§ Problem to work on: Please transcribe only the lines between the one containing "BIG RED طقم" and the end of the records, both ends included, exactly as written; skip every picture.

§ Material for this task:
_ _ _ _ _ _ _
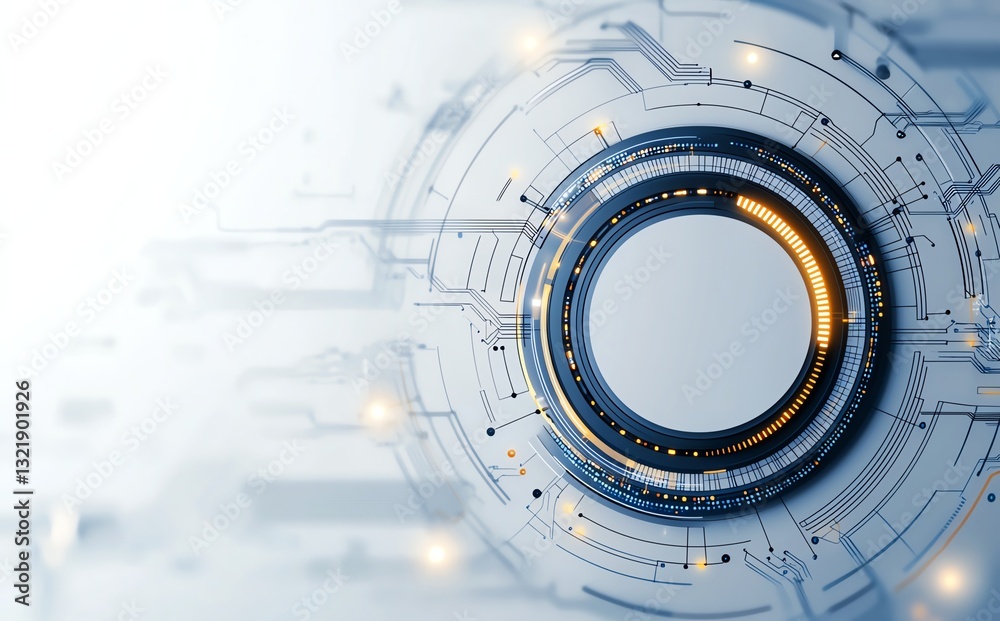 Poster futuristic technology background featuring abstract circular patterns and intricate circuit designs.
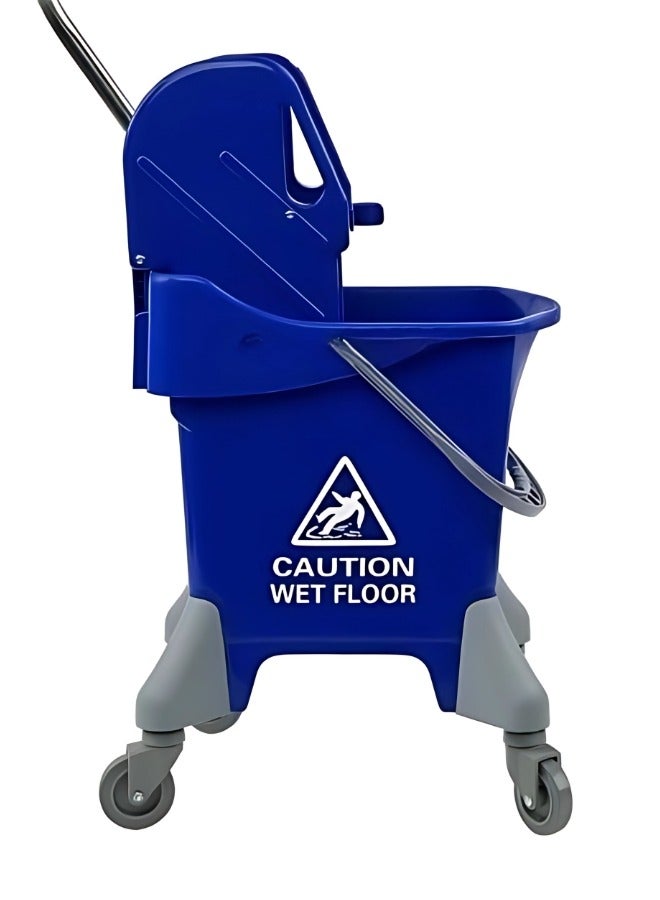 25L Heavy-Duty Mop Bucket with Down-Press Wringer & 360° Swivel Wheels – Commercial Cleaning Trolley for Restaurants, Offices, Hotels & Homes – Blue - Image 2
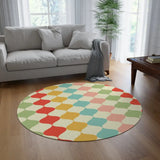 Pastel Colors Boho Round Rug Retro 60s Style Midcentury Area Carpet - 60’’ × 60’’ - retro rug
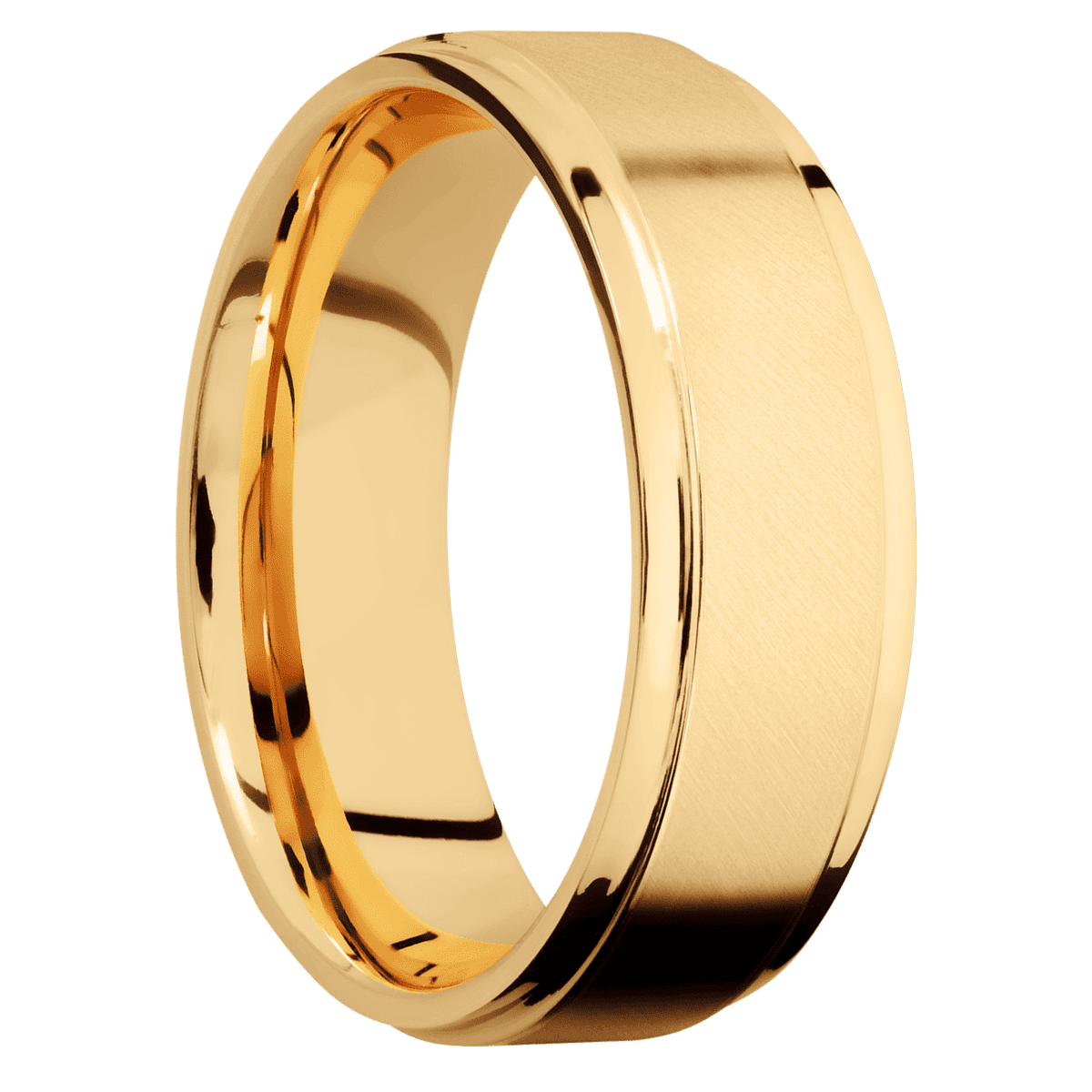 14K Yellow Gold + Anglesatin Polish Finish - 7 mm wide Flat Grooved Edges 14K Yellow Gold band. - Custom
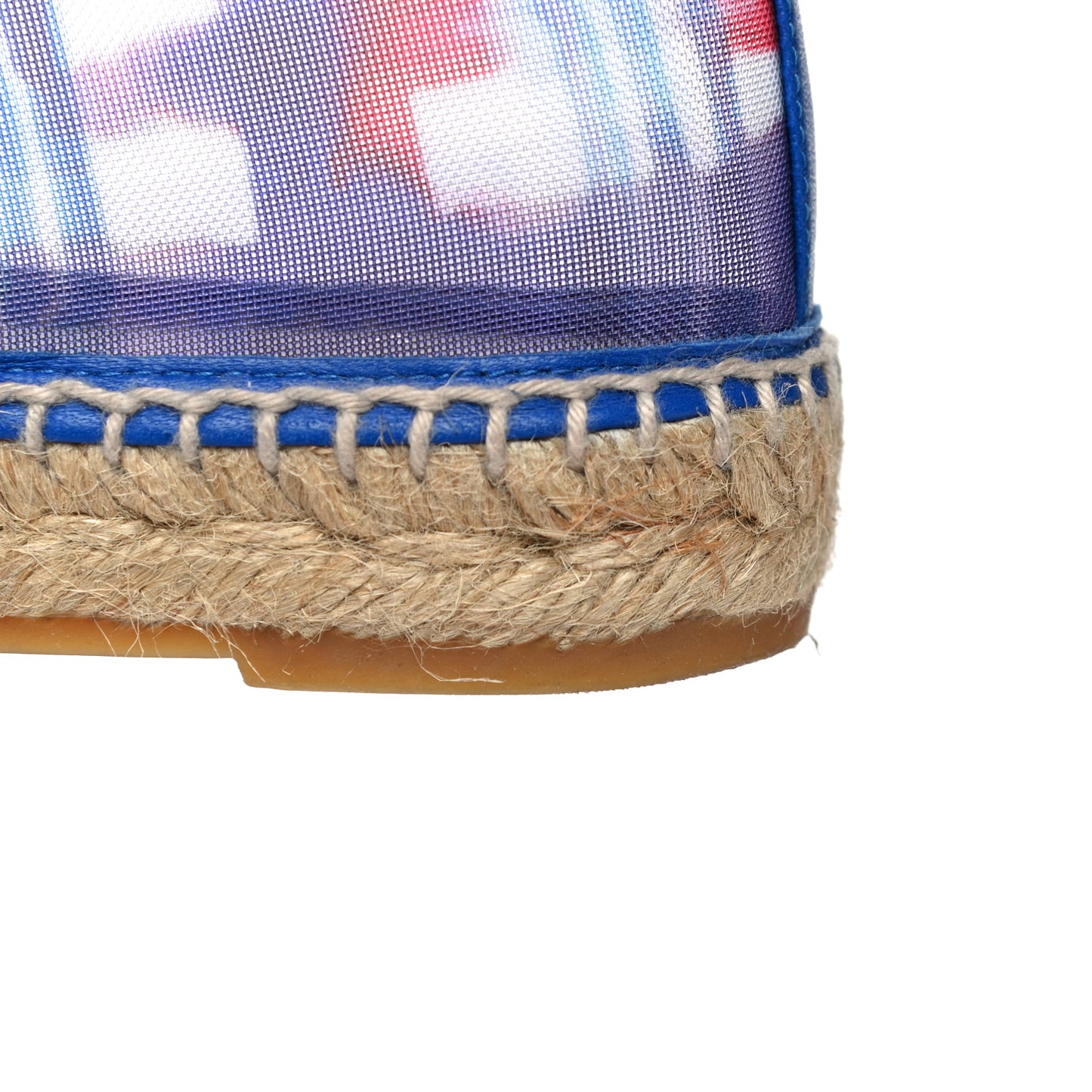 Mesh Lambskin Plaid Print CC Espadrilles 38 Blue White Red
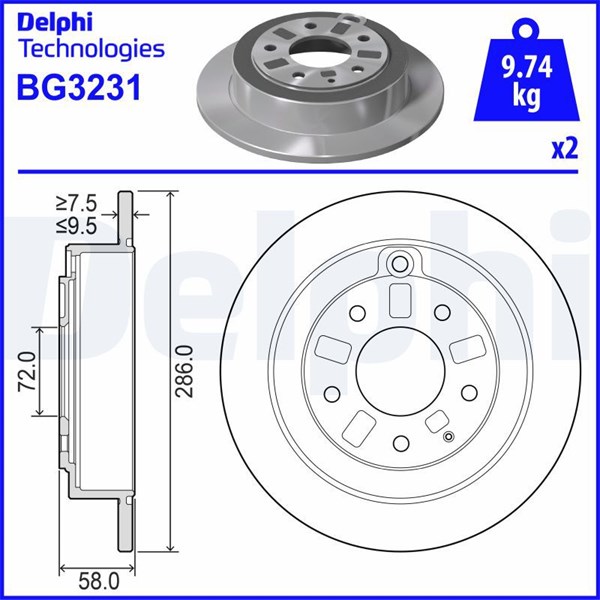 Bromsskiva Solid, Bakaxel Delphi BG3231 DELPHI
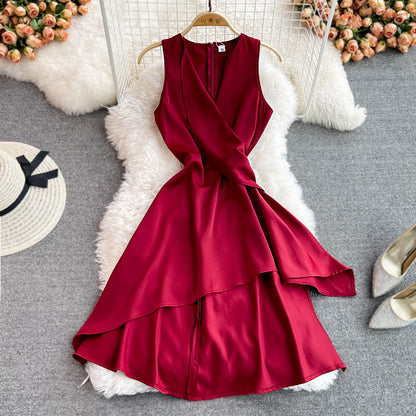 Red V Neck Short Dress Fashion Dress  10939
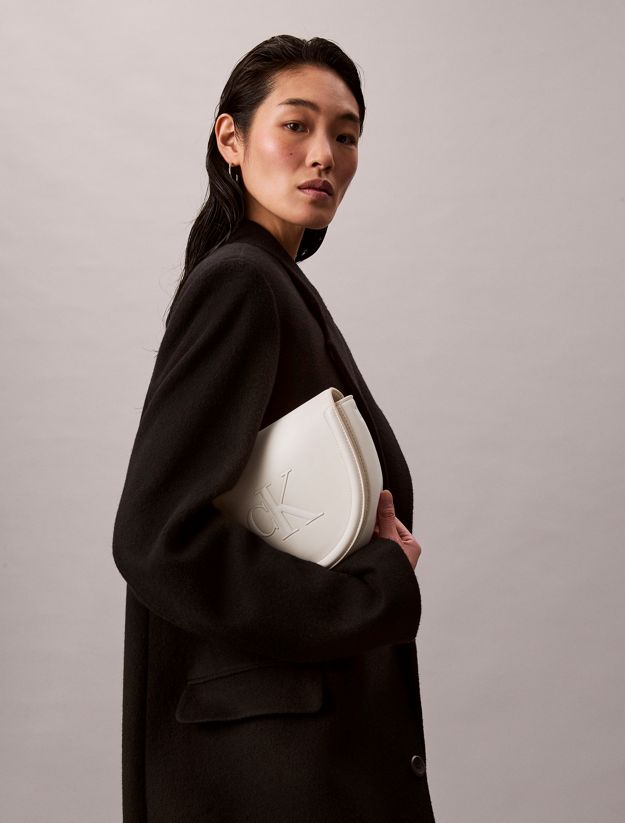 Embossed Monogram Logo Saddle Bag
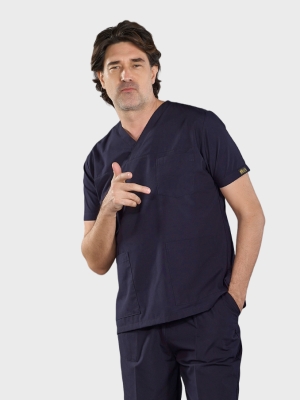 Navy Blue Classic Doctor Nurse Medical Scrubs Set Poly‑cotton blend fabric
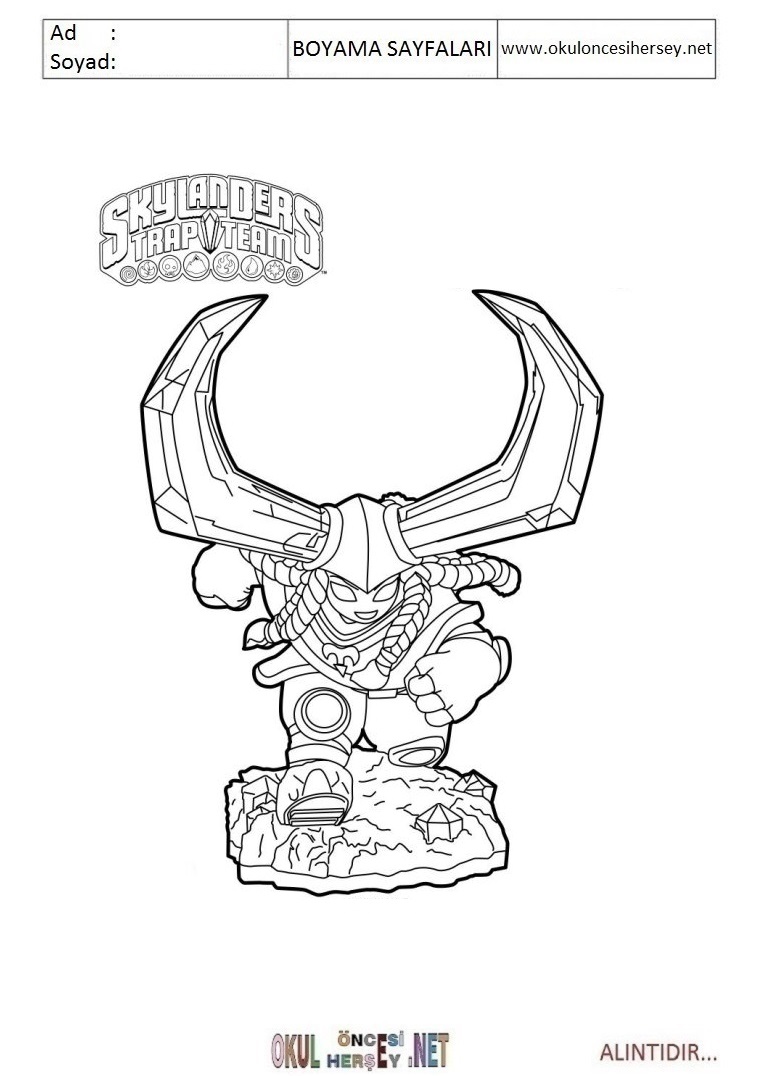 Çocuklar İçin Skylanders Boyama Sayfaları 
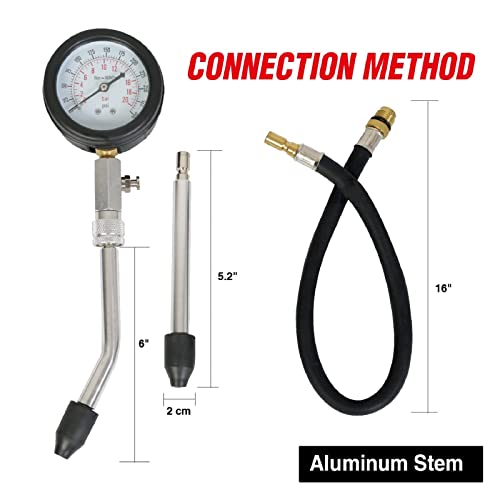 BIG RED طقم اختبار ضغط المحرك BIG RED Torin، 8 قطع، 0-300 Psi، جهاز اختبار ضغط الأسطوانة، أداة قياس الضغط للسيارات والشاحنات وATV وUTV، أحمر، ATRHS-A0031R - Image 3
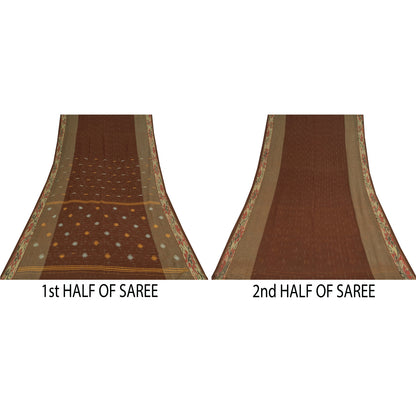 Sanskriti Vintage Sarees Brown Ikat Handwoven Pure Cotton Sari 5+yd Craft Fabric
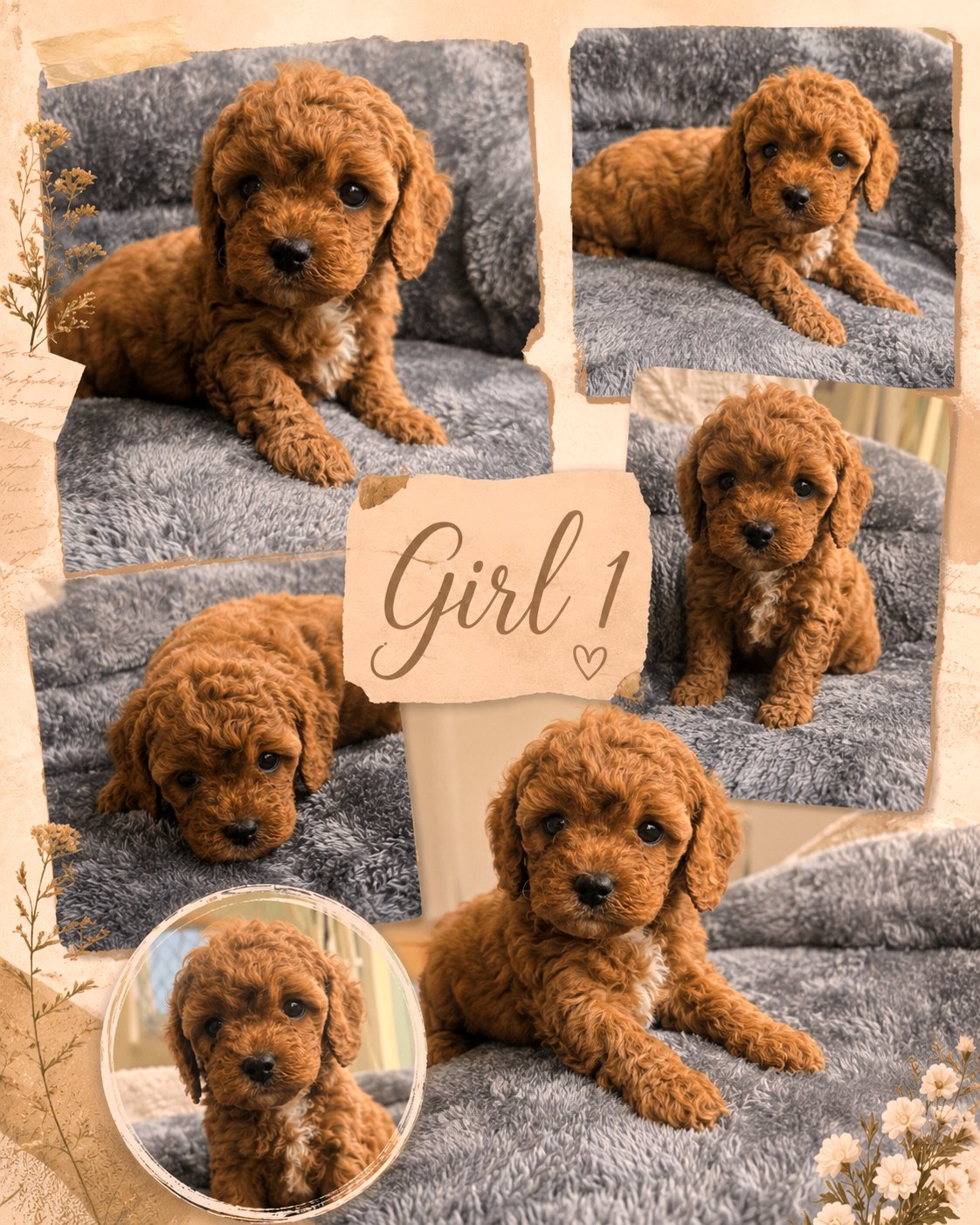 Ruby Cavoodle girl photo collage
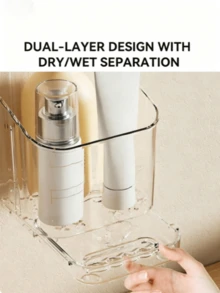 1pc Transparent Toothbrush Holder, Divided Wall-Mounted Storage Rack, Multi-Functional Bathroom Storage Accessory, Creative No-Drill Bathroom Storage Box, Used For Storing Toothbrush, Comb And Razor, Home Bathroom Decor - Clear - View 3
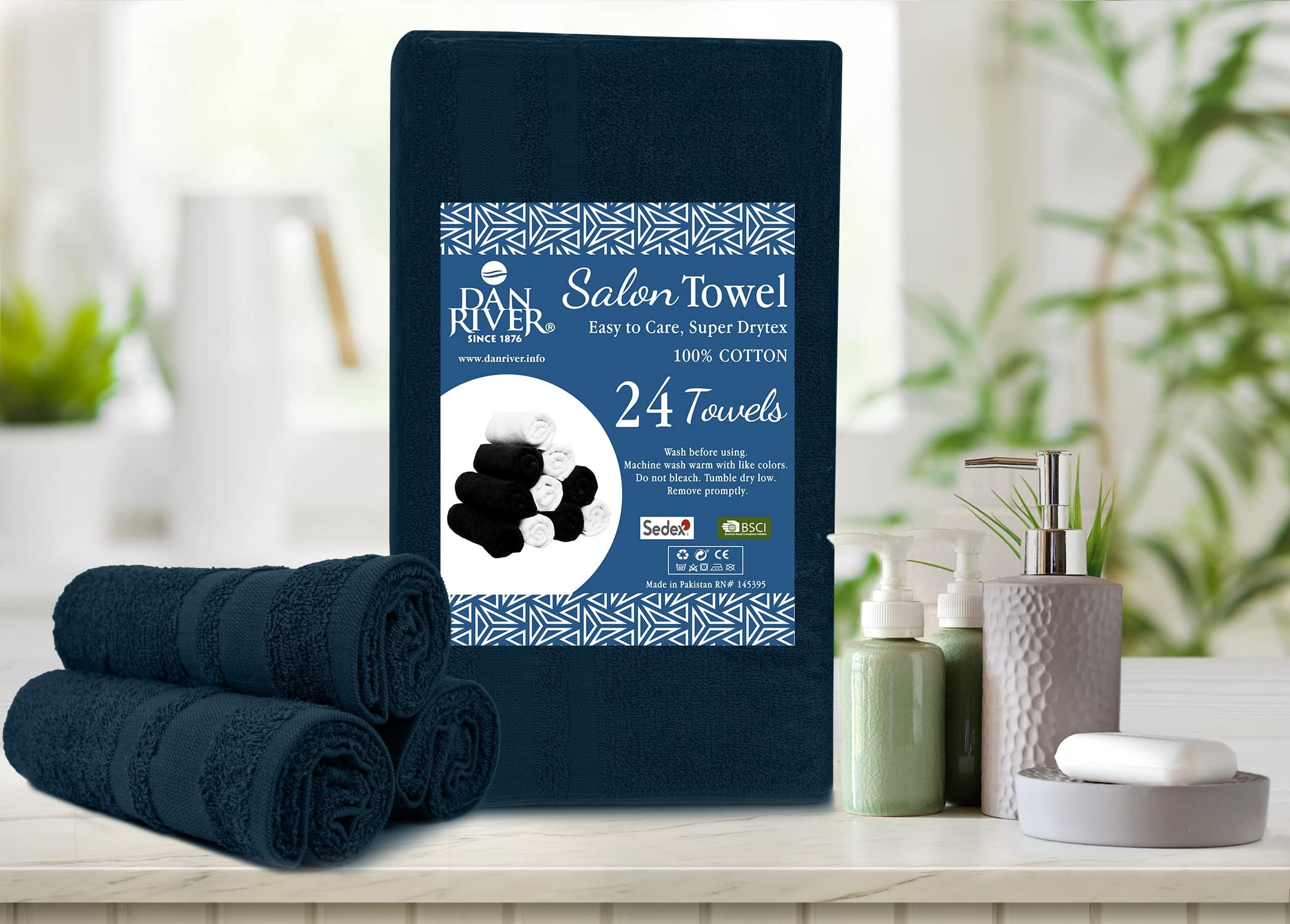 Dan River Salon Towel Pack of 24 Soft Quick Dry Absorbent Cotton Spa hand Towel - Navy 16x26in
_ _ _ _ _ _ _
§ Exercise response:
 BIG RED طقم اختبار ضغط المحرك BIG RED Torin، 8 قطع، 0-300 Psi، جهاز اختبار ضغط الأسطوانة، أداة قياس الضغط للسيارات والشاحنات وATV وUTV، أحمر، ATRHS-A0031R - Image 3
 Sanskriti Vintage Sarees Brown Ikat Handwoven Pure Cotton Sari 5+yd Craft Fabric
 Ruby Cavoodle girl photo collage
 1pc Transparent Toothbrush Holder, Divided Wall-Mounted Storage Rack, Multi-Functional Bathroom Storage Accessory, Creative No-Drill Bathroom Storage Box, Used For Storing Toothbrush, Comb And Razor, Home Bathroom Decor - Clear - View 3
 Dan River Salon Towel Pack of 24 Soft Quick Dry Absorbent Cotton Spa hand Towel - Navy 16x26in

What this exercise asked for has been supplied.